Required work » The answer is the exact run of lines in the listing below from the line containing "Holiday house Lemmer Outdoor Recording 4" up to and including the line containing "Photo of JW Marriott San Francisco", with pictures removed.

Available data Block Start

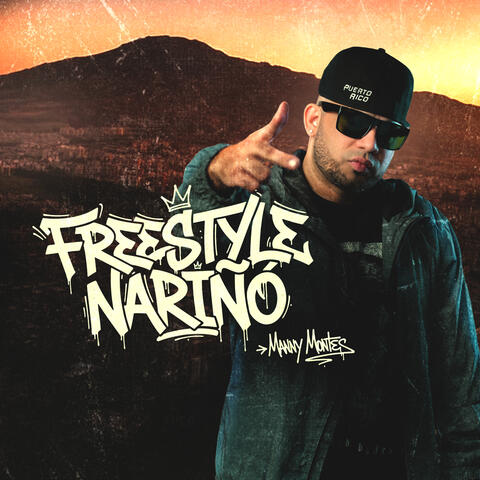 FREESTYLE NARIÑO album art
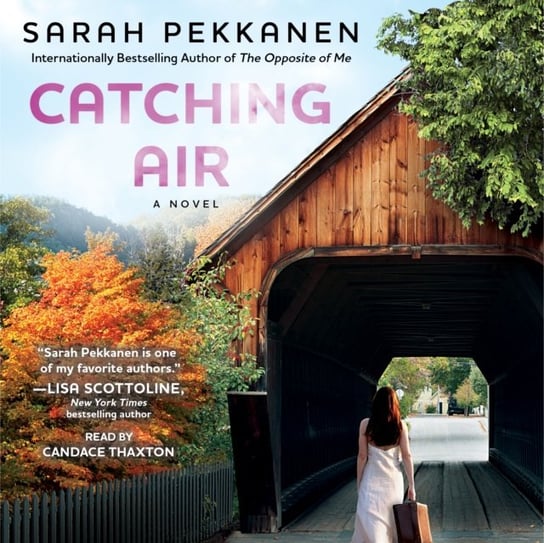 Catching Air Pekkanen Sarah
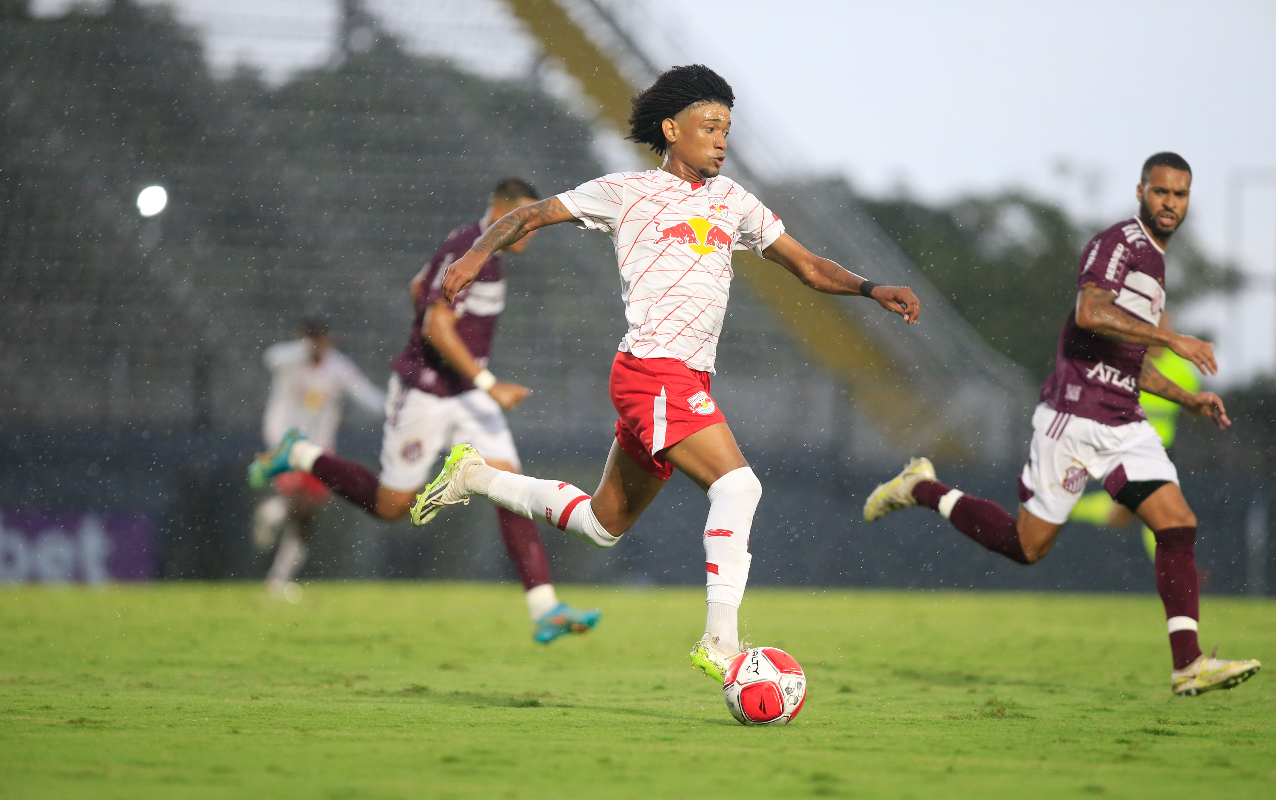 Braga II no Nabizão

Available data Block End
Available data Block Start

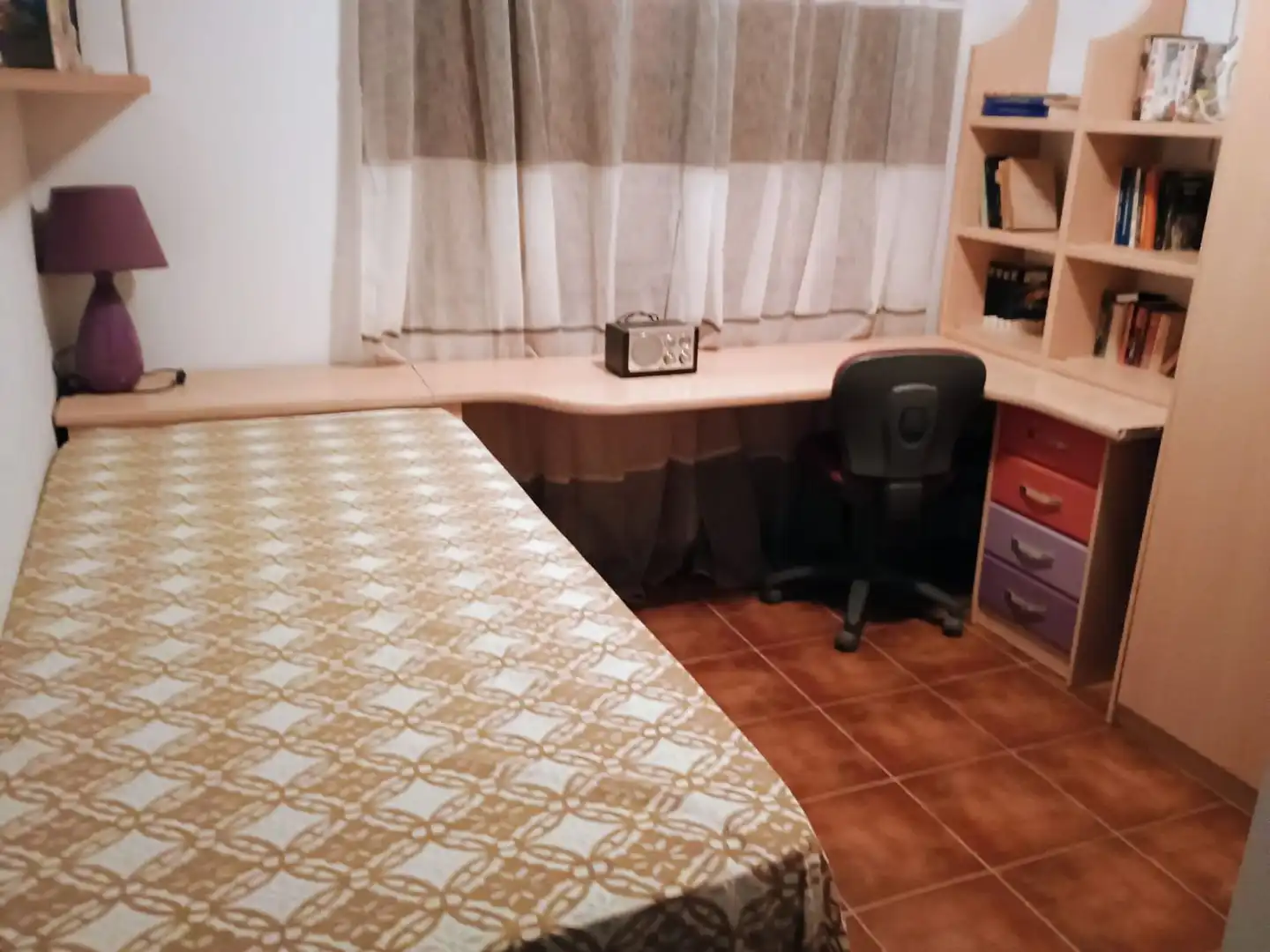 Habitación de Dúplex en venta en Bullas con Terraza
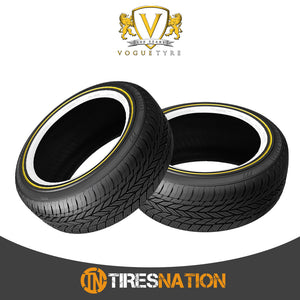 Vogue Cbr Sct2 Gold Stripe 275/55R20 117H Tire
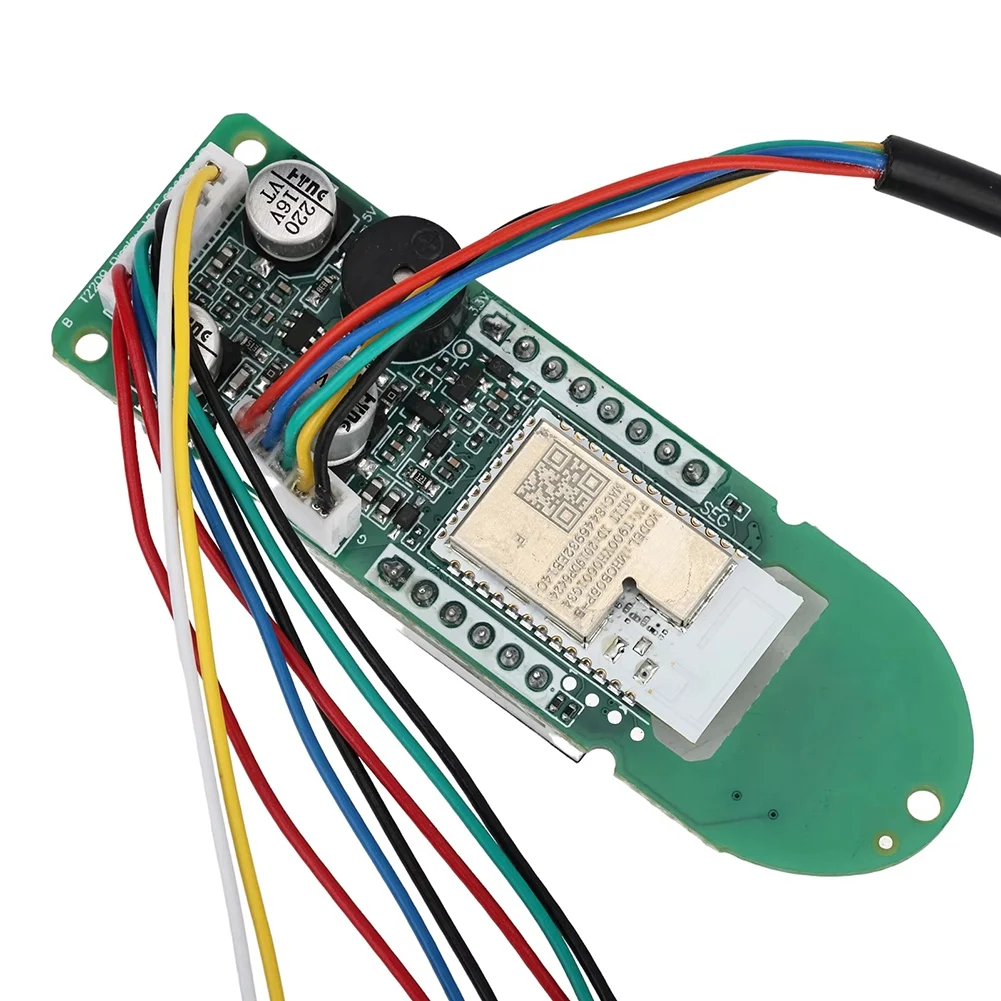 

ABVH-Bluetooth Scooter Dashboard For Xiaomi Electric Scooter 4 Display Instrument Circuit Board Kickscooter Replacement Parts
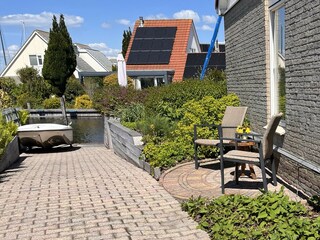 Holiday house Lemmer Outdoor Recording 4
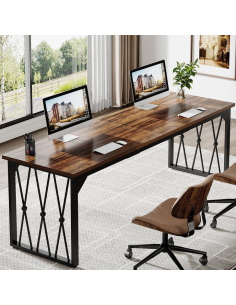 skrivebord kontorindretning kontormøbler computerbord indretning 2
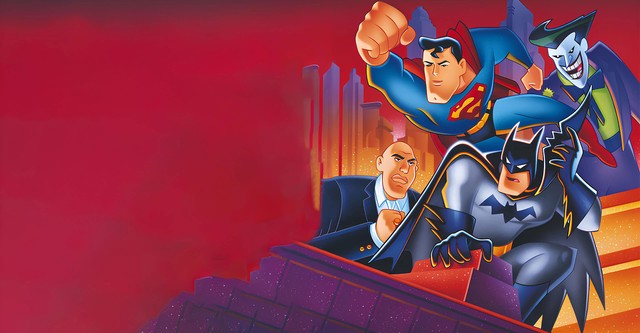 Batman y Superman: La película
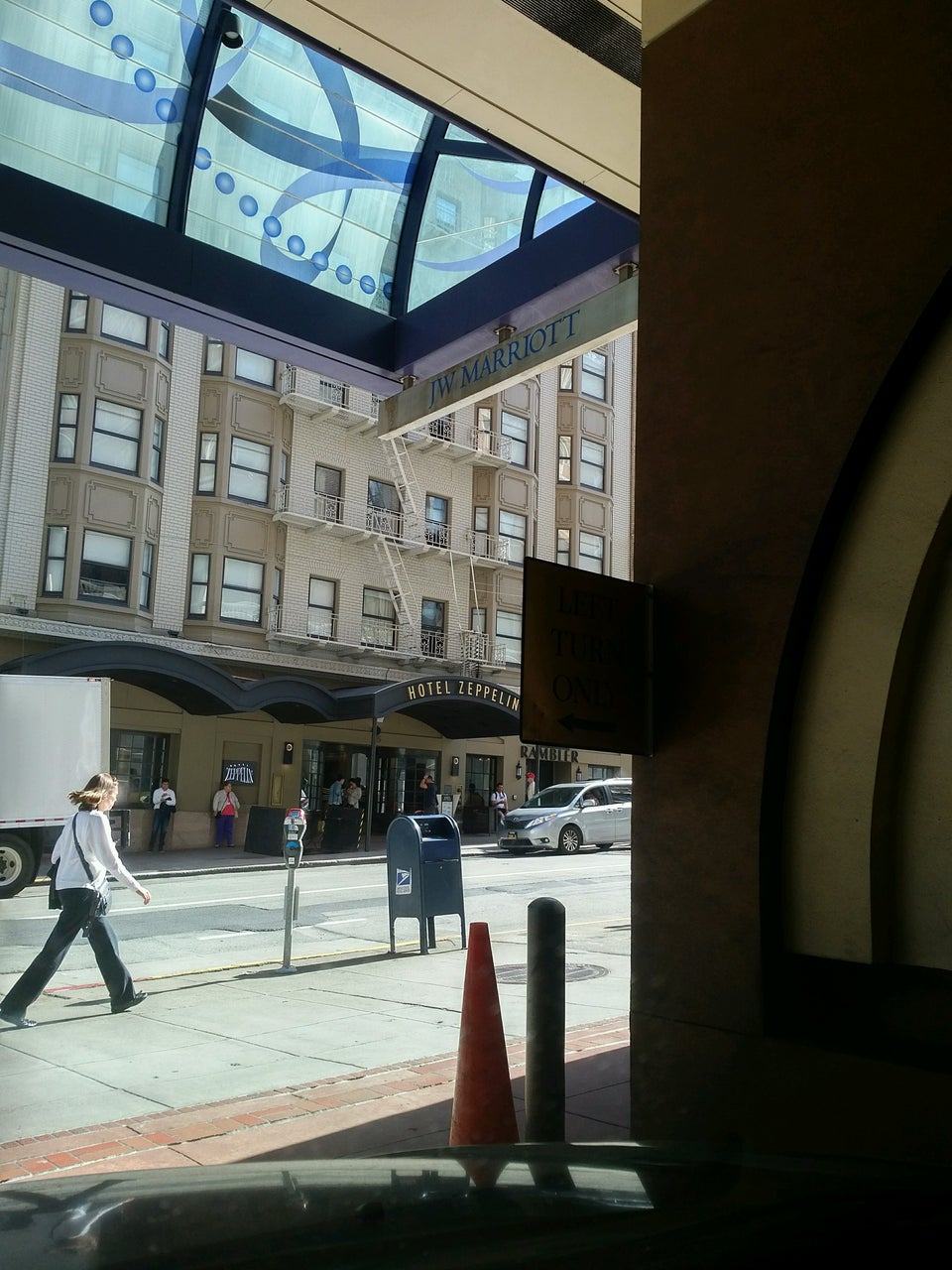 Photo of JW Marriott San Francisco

Available data Block End

Expected answer »
 Holiday house Lemmer Outdoor Recording 4
 skrivebord kontorindretning kontormøbler computerbord indretning 2
 Batman y Superman: La película
 Photo of JW Marriott San Francisco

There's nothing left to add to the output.